The English words sprinkle, pour and immerse have different meanings, just as the Greek words from which they are translated. Let us look at each of these words and see if sprinkle or pour mean “baptize.”
“Sprinkle” is generally translated from the word rhantizo. It is found in several passages in the New Testament, but it is never translated “baptize” because it means “to sprinkle.” “For if the blood of goats and bulls, and the ashes of a heifer sprinkling them that have been defiled, sanctify unto the cleanness of the flesh. . . ” (Heb. 9:13). Moses took “the blood of the calves and goats, with water and scarlet wool and hyssop, and sprinkled both the book itself and all the people. . . . Moreover the tabernacle and all the vessels of the ministry he sprinkled in like manner with the blood” (Heb. 9:19,21). There is another word, proschusis which is translated “sprinkling” in Hebrews 11:28. If the writer had meant “baptize” in these passages, he would have used a different Greek word.
There are five different Greek words that are translated “pour.” In John 13:5, we read that Jesus “poureth water into the basin, and began to wash the disciples’ feet.” In John 2:15, Jesus “poured out the changers’ money.” Other passages use the word “pour” but none of them mean “baptize.” The conclusion must follow that to pour does not mean to baptize.

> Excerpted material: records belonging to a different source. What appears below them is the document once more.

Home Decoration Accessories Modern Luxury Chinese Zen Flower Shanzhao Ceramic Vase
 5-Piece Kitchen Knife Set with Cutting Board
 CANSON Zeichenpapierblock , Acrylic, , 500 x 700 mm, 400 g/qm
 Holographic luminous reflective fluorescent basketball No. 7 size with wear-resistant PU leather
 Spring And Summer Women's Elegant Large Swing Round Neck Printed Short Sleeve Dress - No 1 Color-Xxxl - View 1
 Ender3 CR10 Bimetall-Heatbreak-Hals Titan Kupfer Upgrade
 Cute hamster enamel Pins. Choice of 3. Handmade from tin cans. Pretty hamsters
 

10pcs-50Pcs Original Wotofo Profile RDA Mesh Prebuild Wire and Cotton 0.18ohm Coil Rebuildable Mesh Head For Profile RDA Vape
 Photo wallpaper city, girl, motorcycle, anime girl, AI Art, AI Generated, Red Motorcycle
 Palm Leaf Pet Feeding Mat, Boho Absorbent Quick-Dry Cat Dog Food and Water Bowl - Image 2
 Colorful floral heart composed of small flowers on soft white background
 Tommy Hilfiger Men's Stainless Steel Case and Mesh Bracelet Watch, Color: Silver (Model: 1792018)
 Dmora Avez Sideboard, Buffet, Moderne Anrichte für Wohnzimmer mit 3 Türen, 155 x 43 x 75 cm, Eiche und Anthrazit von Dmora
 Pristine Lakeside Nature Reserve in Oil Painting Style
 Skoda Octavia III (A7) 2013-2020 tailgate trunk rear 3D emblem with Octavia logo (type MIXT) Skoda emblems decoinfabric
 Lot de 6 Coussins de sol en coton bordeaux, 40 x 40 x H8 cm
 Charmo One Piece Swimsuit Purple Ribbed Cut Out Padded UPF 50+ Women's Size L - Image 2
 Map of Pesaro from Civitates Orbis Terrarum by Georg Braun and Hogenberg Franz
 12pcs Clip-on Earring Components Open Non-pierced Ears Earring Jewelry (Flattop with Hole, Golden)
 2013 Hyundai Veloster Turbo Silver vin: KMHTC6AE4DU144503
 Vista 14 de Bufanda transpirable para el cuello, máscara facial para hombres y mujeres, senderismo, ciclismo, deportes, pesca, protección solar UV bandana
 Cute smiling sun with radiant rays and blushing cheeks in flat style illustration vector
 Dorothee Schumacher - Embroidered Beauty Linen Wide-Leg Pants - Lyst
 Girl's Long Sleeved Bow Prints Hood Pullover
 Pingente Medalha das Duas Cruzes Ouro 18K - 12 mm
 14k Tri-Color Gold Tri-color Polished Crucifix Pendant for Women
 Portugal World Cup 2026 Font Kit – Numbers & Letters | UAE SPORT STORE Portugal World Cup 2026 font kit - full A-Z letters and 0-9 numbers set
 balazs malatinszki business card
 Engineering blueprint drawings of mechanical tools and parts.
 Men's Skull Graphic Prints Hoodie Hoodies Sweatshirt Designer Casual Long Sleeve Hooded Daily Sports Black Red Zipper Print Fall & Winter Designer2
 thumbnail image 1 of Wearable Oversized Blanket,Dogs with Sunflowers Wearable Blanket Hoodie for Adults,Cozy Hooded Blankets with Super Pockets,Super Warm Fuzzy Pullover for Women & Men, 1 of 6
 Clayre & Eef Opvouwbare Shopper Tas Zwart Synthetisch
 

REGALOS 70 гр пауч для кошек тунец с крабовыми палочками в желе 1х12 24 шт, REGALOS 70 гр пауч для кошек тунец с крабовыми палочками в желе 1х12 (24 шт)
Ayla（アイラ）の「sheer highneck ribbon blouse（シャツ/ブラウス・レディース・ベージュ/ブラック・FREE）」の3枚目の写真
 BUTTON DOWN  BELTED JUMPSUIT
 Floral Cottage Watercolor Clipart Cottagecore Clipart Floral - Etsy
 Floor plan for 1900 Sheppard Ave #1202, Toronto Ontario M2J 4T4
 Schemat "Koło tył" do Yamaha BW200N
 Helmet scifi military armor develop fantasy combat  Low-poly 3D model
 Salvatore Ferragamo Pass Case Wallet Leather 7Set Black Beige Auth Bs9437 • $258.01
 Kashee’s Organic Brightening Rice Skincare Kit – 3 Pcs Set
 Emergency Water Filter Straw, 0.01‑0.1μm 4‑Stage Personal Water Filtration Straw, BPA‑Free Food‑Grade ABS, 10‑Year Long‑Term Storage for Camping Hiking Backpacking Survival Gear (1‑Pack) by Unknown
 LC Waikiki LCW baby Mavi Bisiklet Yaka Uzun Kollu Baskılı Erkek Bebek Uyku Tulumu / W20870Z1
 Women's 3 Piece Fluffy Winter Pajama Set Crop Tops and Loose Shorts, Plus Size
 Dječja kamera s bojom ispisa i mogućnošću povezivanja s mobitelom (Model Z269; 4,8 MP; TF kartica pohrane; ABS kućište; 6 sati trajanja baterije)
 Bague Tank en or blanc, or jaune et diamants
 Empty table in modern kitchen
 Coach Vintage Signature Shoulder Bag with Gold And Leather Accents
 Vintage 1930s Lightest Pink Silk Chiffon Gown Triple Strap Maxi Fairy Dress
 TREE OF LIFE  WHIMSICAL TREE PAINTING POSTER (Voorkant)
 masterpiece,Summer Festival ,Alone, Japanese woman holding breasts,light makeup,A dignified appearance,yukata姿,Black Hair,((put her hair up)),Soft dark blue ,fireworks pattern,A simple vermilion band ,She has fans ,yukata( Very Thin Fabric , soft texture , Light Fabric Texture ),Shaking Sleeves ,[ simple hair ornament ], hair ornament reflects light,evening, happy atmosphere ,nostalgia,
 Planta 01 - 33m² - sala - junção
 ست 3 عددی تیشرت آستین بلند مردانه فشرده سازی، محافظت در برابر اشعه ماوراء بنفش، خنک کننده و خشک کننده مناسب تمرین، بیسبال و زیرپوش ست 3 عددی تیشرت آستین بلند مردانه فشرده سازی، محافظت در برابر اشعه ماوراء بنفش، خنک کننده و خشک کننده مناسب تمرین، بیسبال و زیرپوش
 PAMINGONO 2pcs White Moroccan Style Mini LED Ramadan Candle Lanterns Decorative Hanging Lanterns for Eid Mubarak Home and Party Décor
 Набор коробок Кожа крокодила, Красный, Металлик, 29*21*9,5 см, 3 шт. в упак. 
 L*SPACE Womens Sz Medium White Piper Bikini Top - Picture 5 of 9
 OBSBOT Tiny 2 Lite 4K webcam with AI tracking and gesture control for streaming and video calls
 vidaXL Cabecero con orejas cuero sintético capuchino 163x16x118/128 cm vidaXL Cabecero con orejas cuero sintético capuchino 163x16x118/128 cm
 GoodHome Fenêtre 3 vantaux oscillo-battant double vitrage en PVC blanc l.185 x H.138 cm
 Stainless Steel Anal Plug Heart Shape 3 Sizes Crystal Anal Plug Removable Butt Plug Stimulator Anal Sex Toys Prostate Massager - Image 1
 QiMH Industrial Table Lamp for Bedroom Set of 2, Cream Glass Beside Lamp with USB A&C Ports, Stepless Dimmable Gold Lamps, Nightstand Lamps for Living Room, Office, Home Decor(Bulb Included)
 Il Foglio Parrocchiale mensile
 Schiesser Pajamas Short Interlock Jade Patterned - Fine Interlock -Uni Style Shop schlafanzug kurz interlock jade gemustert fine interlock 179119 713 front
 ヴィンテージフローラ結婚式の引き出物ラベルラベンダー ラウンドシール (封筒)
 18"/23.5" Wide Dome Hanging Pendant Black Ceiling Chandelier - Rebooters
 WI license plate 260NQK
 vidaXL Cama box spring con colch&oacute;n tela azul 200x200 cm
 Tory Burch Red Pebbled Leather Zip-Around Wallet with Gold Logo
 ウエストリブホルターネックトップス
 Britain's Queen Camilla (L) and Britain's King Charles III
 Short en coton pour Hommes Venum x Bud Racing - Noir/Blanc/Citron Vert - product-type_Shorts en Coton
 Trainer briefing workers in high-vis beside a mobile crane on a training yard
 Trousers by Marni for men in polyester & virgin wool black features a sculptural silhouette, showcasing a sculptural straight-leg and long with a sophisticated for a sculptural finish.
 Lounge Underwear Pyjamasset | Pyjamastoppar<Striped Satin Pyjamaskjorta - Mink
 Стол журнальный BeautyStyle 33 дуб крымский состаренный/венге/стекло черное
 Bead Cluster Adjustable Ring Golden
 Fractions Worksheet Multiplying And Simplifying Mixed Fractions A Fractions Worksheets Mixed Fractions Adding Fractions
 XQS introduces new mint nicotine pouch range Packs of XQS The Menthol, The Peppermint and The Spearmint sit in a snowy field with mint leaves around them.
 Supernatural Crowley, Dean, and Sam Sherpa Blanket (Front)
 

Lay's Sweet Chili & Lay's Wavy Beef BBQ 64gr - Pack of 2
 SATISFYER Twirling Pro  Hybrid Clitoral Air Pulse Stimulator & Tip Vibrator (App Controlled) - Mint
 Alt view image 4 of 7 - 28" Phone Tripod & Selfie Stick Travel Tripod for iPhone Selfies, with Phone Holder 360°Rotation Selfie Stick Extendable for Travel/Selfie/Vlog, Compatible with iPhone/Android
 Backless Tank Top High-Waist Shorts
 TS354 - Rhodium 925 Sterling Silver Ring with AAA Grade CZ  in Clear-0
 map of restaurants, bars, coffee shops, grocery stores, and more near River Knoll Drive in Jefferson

The word baptizo is transliterated (the Greek letters transferred into English letters) by the word “baptize.” W.E. Vine defines it as “immersion, submersion and emergence. ” Thayer’s Greek-English Lexicon says: “to dip repeatedly, to immerse, to submerge.” It is found many times in the New Testament, but is never translated by the words “sprinkle” or “pour.” If the writers had intended to say “sprinkle” or “pour” they would not have used the word “baptizo,” because it means to immerse.
The context of the word baptizo also shows the meaning of it. When John the baptist was sent to baptize, we find him “baptizing in Aenon near to Salim, because they was much water there” (Jn. 3:23). When John baptized Jesus, Mark says: “And it came to pass in those days, that Jesus came from Nazareth of Galilee, and was baptized of John in the Jordan. And straightway coming up out of the water, he saw the heavens rent asunder, and the Spirit as a dove descending upon him” (Mk. 1:10,11). John’s baptism was obviously immersion. When Philip baptized the Ethiopian, the context clearly indicates the action of baptism. They “came unto a certain water,” then “went down into the water” and he was baptized and “came up out of the water” (Acts 8:36-39). Twice the New Testament plainly calls baptism a “burial” (Rom. 6:4; Col. 2:12).
Why then, do people practice sprinkling? It originated as d4clinic baptism.” Those thought to be too sick to be immersed were sprinkled instead. Gradually it grew in popularity, for it was much easier, and after all, if it would be acceptable for a sick man, why not for a well man?
The woman mentioned at the beginning of this article had in mind the passages that speak of baptizing “with water” (see Matt. 3:11; Mk. 1:8; Jn. 1:26; Acts 1:5; 11:16). She was assuming that “with water” means something other than immersion. The fact is that the Greek word en (translated “with” or “in”) usually refers to “location” (called “locative” in the Greek). Even if it were used in the sense of “instrumental” (the object used), it would still not prove sprinkling. We are immersed “in” water.
The meaning of the word, the context of the word and religious leaders who believed in sprinkling all testify that the word “baptize” means immerse. It is only immersion that is a “likeness” of Christ’s burial and resurrection (Rom. 6:3,4). Sprinkling is a convenient substitute that originated in the mind of men, not from a careful study of God’s word.